A partir desta quarta-feira (2), o Brasil perderá esses importantes capitais militar e diplomático. Ao deixar o porto de Beirute, no Líbano, a fragata Independência da Marinha encerrará sua participação na Unifil (Força Interina das Nações Unidas no Líbano), a última operação de paz da ONU da qual o Brasil ainda fazia parte - após o encerramento do trabalho no Haiti (Minustah), em 2017. Nau capitânia da missão no Líbano, a embarcação brasileira, composta por fuzileiros navais e um grupo de mergulhadores de combate, escapou da explosão na capital em agosto. Em seu posto, o Brasil vigiava as águas costeiras do Líbano a fim de evitar a entrada de armas no país por via marítima.
Ao levantar âncora no Líbano, o Brasil estará encerrando uma era de engajamento de suas Forças Armadas em missões internacionais. Pela primeira vez desde 1997, o país não terá tropas envolvidas em missões da ONU, uma tradição iniciada com os pracinhas do Batalhão de Suez, em 1967, na Guerra dos Seis Dias. Nos anos 1990, o Brasil participou de missões em Moçambique, após acordo de paz entre o governo nas mãos da Frente de Libertação de Moçambique (Frelimo) e a guerrilha da Resistência Nacional Moçambicana (Renamo). O profissionalismo dos soldados brasileiros _ aliado à simpatia com que é conhecido onde atua _ chamou atenção em Nova York, e o Brasil passou a ser convidado para outras missões. Em Angola, os capacetes azuis brasileiros ficaram três anos, com atuação de mais de 4,4 mil militares monitorando a frágil paz frágil entre a guerrilha da União Nacional para a Independência Total de Angola (Unita) e o governo do Movimento Popular de Libertação de Angola (MPLA).
Em 1999, durante o governo Fernando Henrique Cardoso, o Brasil passou a ser habitué das operações de paz. A retomada se deu com o envio de militares da Polícia do Exército (PE) gaúcha ao Timor Leste, ex-colônia portuguesa ocupada pela Indonésia onde explodiu a violência após referendo pela independência. A experiência no Timor até hoje é lembrada como case de peacebuilding (construção da paz) e state-building (construção de Estado) nos escritórios da ONU, não só pelo engajamento de militares brasileiros, mas pelo trabalho de professores, equipes de saúde e a atuação de chefe da missão, o carioca Sérgio Vieira de Mello.
O sucesso no Sudeste Asiático catapultou o Brasil para a operação no Haiti, a maior da história das Forças Armadas brasileiras - e por onde passaram 37 mil militares brasileiros, entre eles centenas oriundos de quartéis no Rio Grande do Sul.
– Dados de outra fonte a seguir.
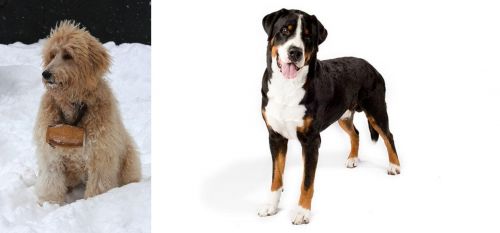 Pyredoodle vs Greater Swiss Mountain Dog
Os 13 anos de missão casaram com a estratégia dos governos do PT de projetar influência brasileira no Exterior e se cacifar para, sonho do ex-presidente Luiz Inácio Lula da Silva, a cadeira permanente no Conselho de Segurança da ONU em uma eventual reforma do órgão. A participação brasileira na Unifil, no Líbano, iniciada em 2011, entra nesse contexto: tornar o país relevante em uma área estratégica como o Oriente Médio. Passaram pelas águas libanesas nesses 10 anos quatro fragatas, entre elas a União, que ZH acompanhou em 2012.
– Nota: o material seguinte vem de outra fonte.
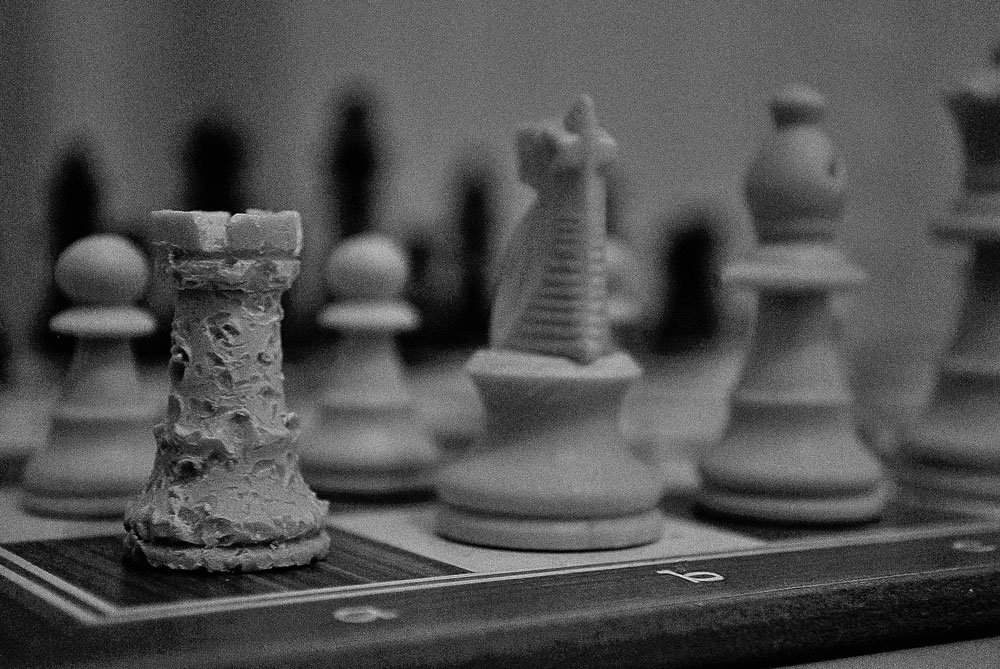 my dogs plays chess!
Em 2018, foi aventada a possibilidade de o Brasil enviar tropas para a República Centro-Africana e a República Democrática do Congo. Mas os riscos de uma missão muito mais complexa do que as anteriores e os cortes orçamentários fizeram o governo Michel Temer recuar.
O encerramento da missão brasileira no Líbano tem como pano de fundo contenção de gastos e reorientação das prioridades da força marítima, cada vez mais voltada para o entorno estratégico brasileiro e a chamada Amazônia Azul, o mar territorial do país.
A fragata Independência deve chegar ao Rio de Janeiro até 28 de dezembro. Em 1º de janeiro, o Brasil passará o comando da Unifil, provavelmente, para a Alemanha. A partir de então, a participação internacional brasileira se resumirá a observações militares em missões individuais, em nações como o Chipre, a Eritreia e o Sudão do Sul.